This plugin manages how data are stored in DCOR. There are two types of files in DCOR:
- Resources uploaded by users, imported from figshare, or imported from a data archive
- Ancillary files that are generated upon resource creation, such as condensed DC data, preview images (see ckanext-dc_view).
This plugin implements:
-
A background job that uploads resources to S3 in after_resource_create if the resources were previously uploaded via the legacy upload route. This functionality is interesting for legacy setups that are not using S3 object storage by default.
-
Import datasets from figshare. Existing datasets on figshare are parsed, datasets are created and resources uploaded to S3 object storage. When running the following command, the "figshare-import" organization is created and the datasets listed in
figshare_dois.txt
are added to CKAN:ckan dcor-import-figshare --limit 2
-
CLI for running all background jobs (migration to S3):
ckan run-jobs-dcor-depot
-
CLI for appending a resource to a dataset
ckan append-resource /path/to/file dataset_id --delete-source
-
CLI for migrating data from block storage to an S3-compatible object storage service.
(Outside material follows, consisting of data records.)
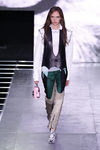 Camisa blanca y pantalón verde beige y negro de la colección primavera/verano 2016 de Louis Vuitton en Paris Fashion Week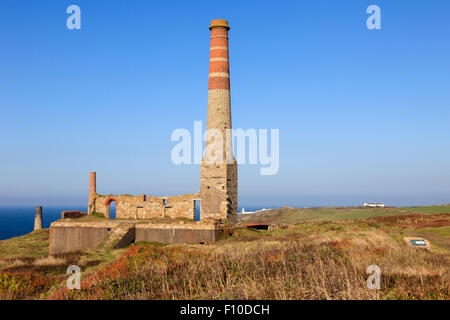 Levante Tin Mine Kompressor House und Schornstein aus South West Coast Path in der Nähe von Trewellard, Pendeen, Cornwall, England, UK, Großbritannien Stockfoto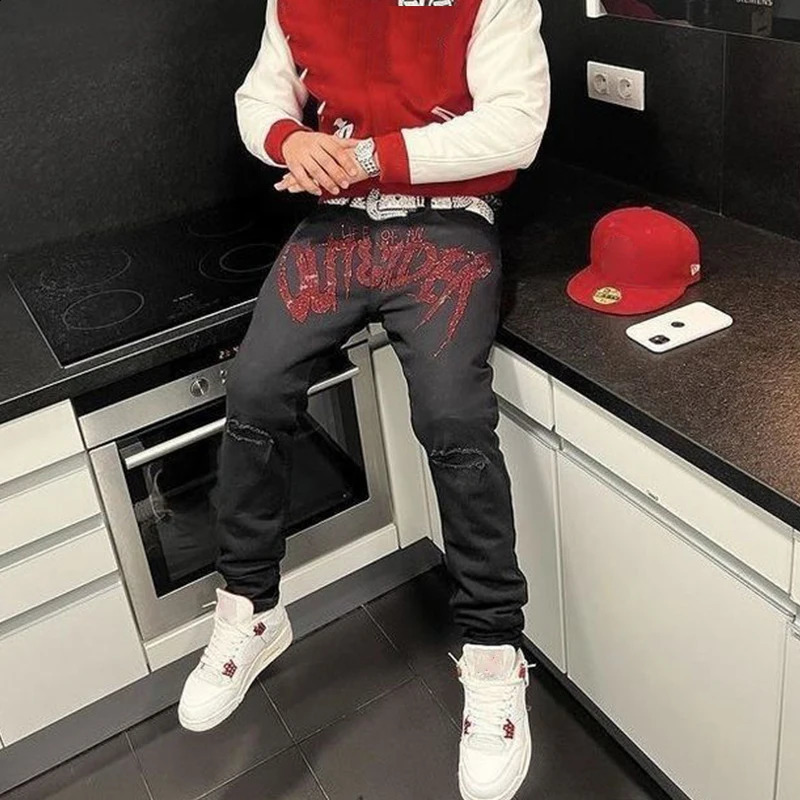 Men Black Stretch Slim Fit Hole Jeans High Quality Moto Trousers Streetwear Denim Pencil Pants Y2k 240826Z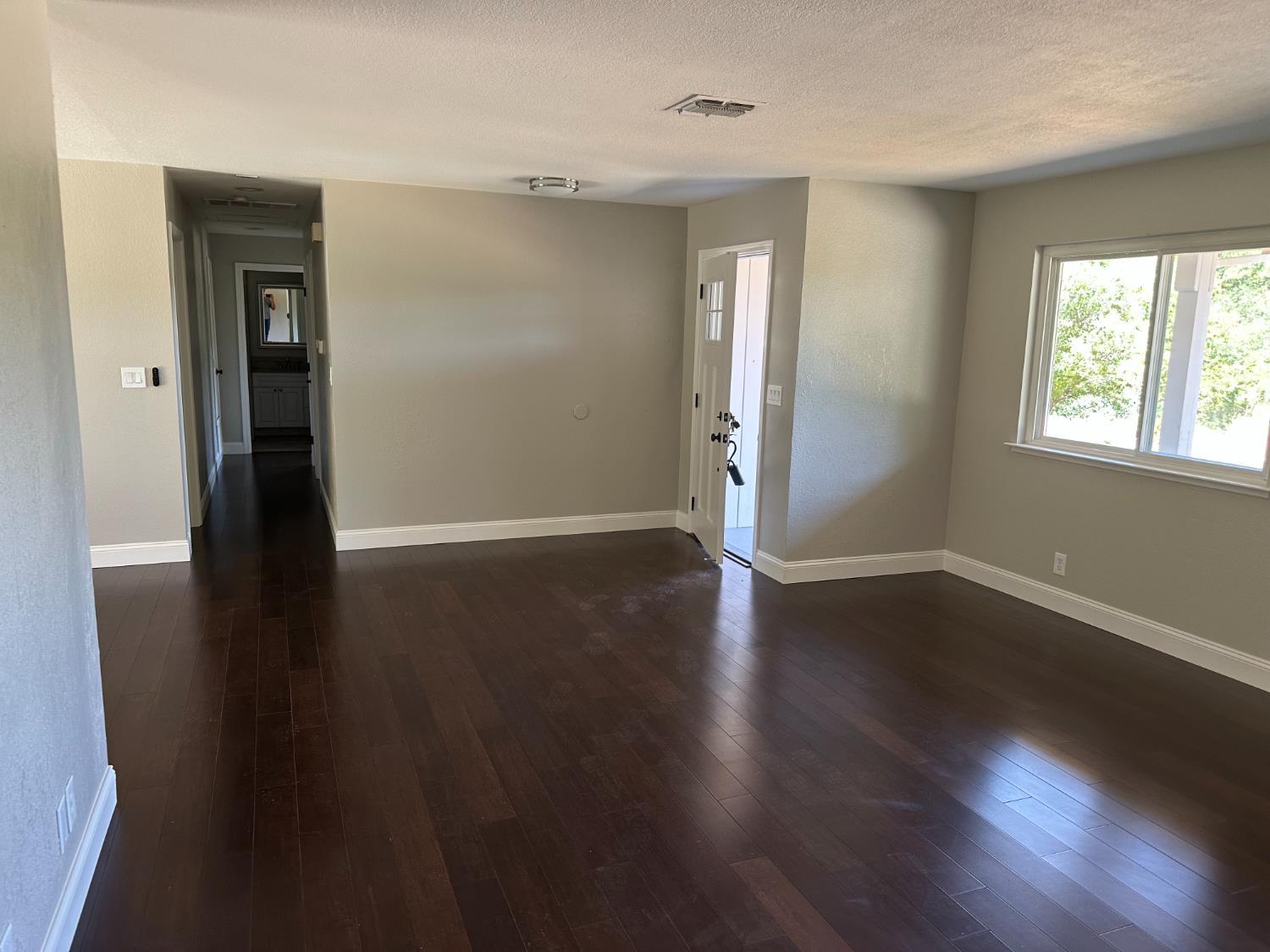 Shingle Springs, California, 95682, United States, 3 Bedrooms Bedrooms, ,2 BathroomsBathrooms,Residential,For Sale,1882228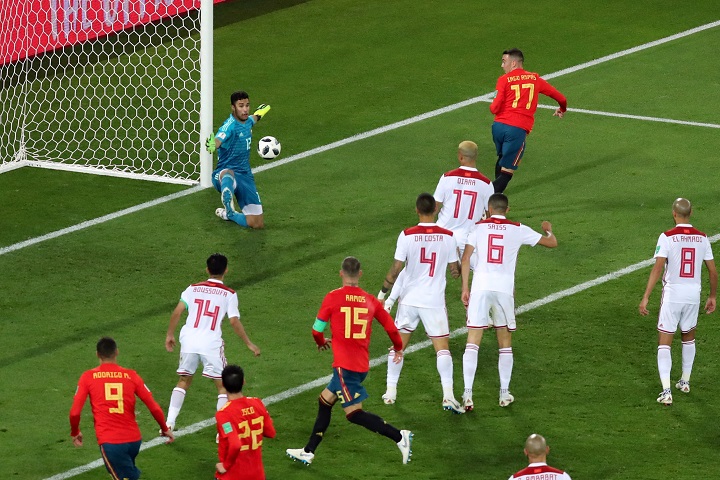 إسبانيا تفلت من الخسارة أمام المغرب وتلاقي روسيا بدور الـ 16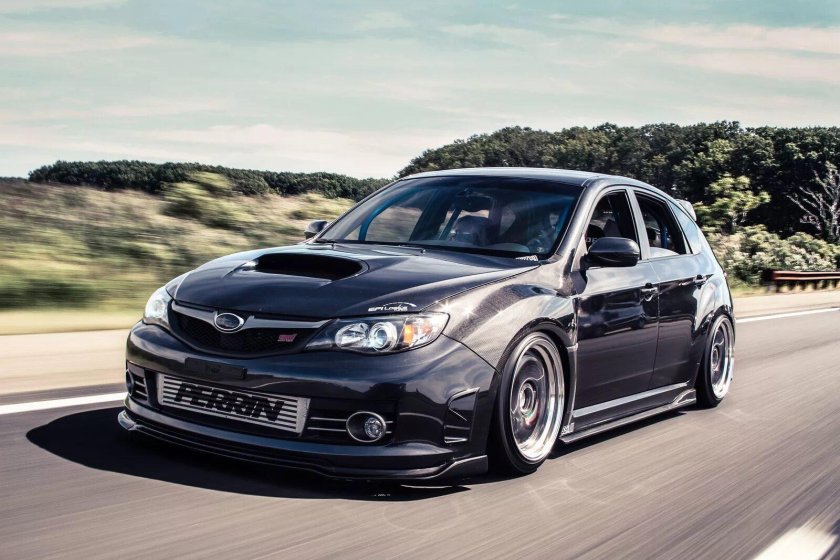 Субару Импреза WRX STI хэтчбек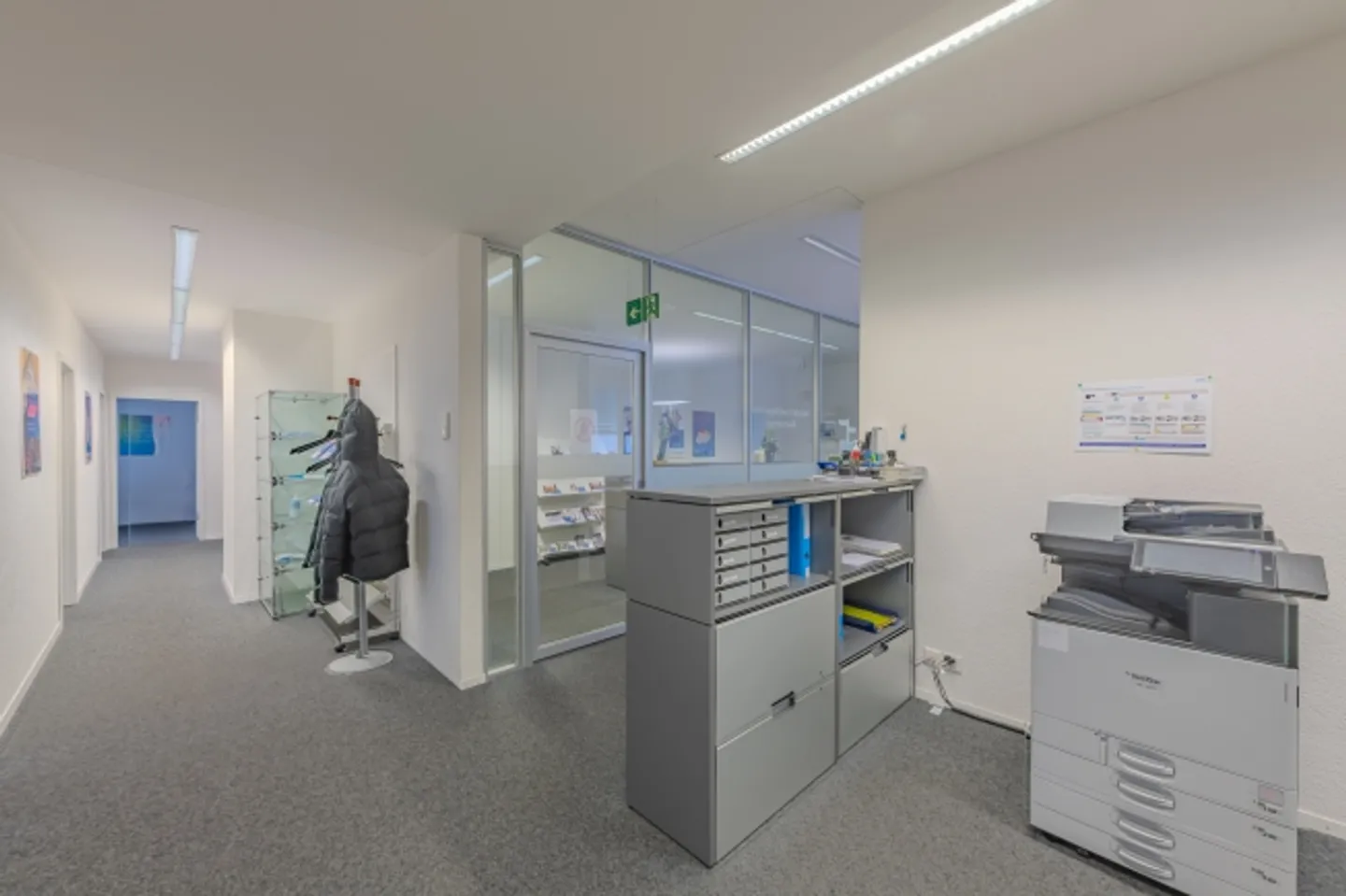 Modern office spaces in the heart of Biel - available immediately! - Photo 5 of 9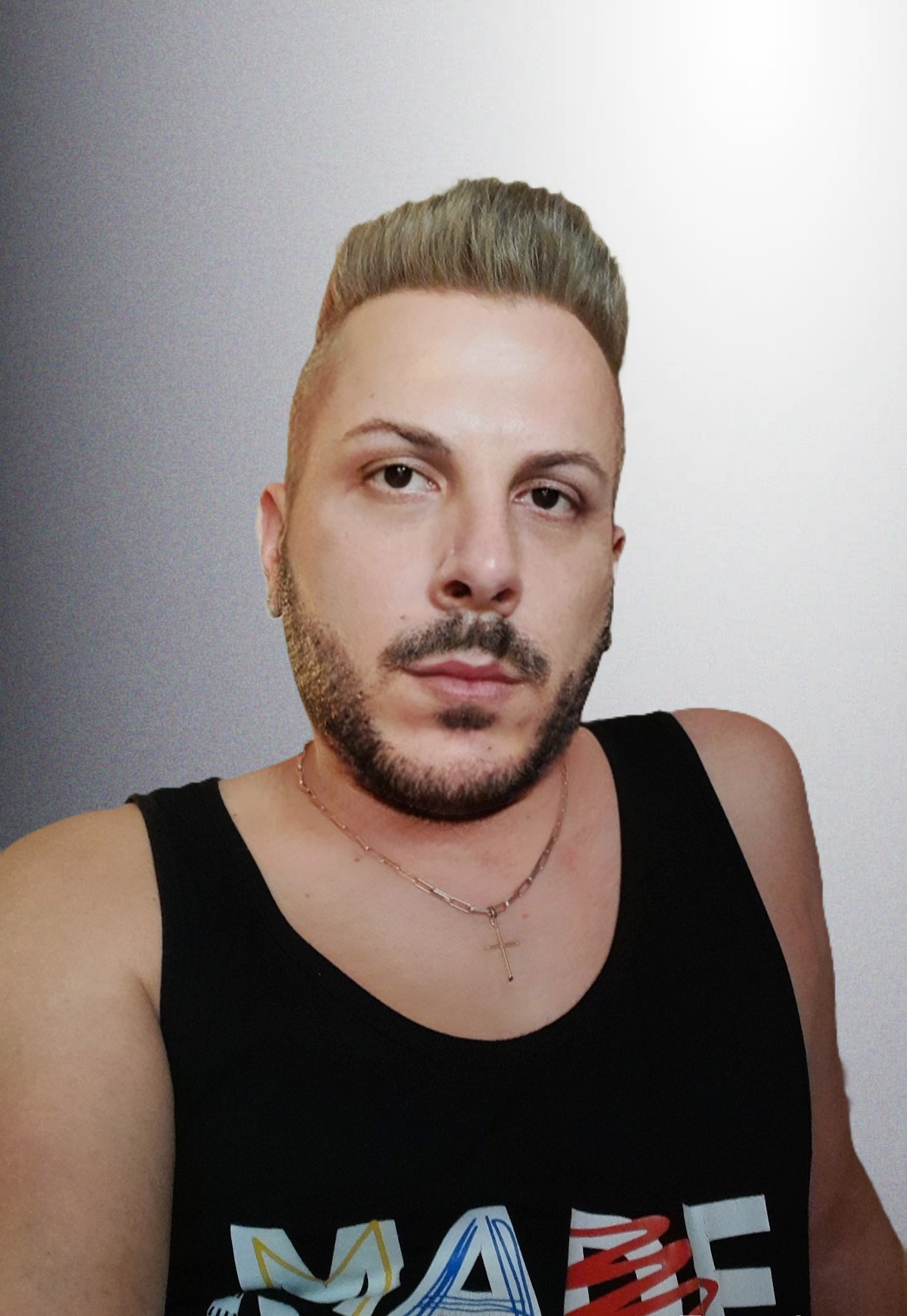 Bucuresti - Escorta Sexy - GOLD VIP cu experienta in domeniu ofer clipe de tandrete ca parte activa si verstil domnilor dornici ce experiente noi cu un barbat cu experienta ce-ti poate pune la dispozitie clipe unice relax.  Disponibil mai mult in timul zile, programarea se face cu o ora inainte, nu raspund la mesaje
For this, the following configuration keys must be specified in the
ckan.ini
file:dcor_object_store.access_key_id = ACCESS_KEY_ID dcor_object_store.secret_access_key = SECRET_ACCESS_KEY dcor_object_store.endpoint_url = S3_ENDPOINT_URL dcor_object_store.ssl_verify = true # The bucket name is by default defined by the circle ID. Resources # are stored in the "RES/OUR/CEID-SCHEME" in that bucket. dcor_object_store.bucket_name = circle-{organization_id}
Usage:
ckan dcor-migrate-resources-to-object-store --modified-days 2 --delete-after-migration --verify-checksum
-
CLI for listing all S3 objects for a dataset:
ckan dcor-list-s3-objects-for-dataset c7a98a04-4e0a-98a7-fb0b-eca379d1f219
-
CLI for listing all resources:
ckan list-all-resources
-
CLI for pruning stale multipart uploads:
ckan dcor-prune-stale-multipart-uploads --initiated-before-days 5 --dry-run
pip install ckanext-dcor_depot
Add this extension to the plugins and default_views in ckan.ini:
ckan.plugins = [...] dcor_depot ckan.storage_path=/data/ckan-HOSTNAME ckanext.dcor_depot.users_depot_name=users-HOSTNAME
This plugin stores resources to /data:
mkdir -p /data/depots/users-$(hostname) chown -R www-data /data/depots/users-$(hostname)
If CKAN/DCOR is installed and setup for testing, this extension can be tested with pytest:
pytest ckanext
Testing is implemented via GitHub Actions. You may also set up a local docker container with CKAN and MinIO. Take a look at the GitHub Actions workflow for more information.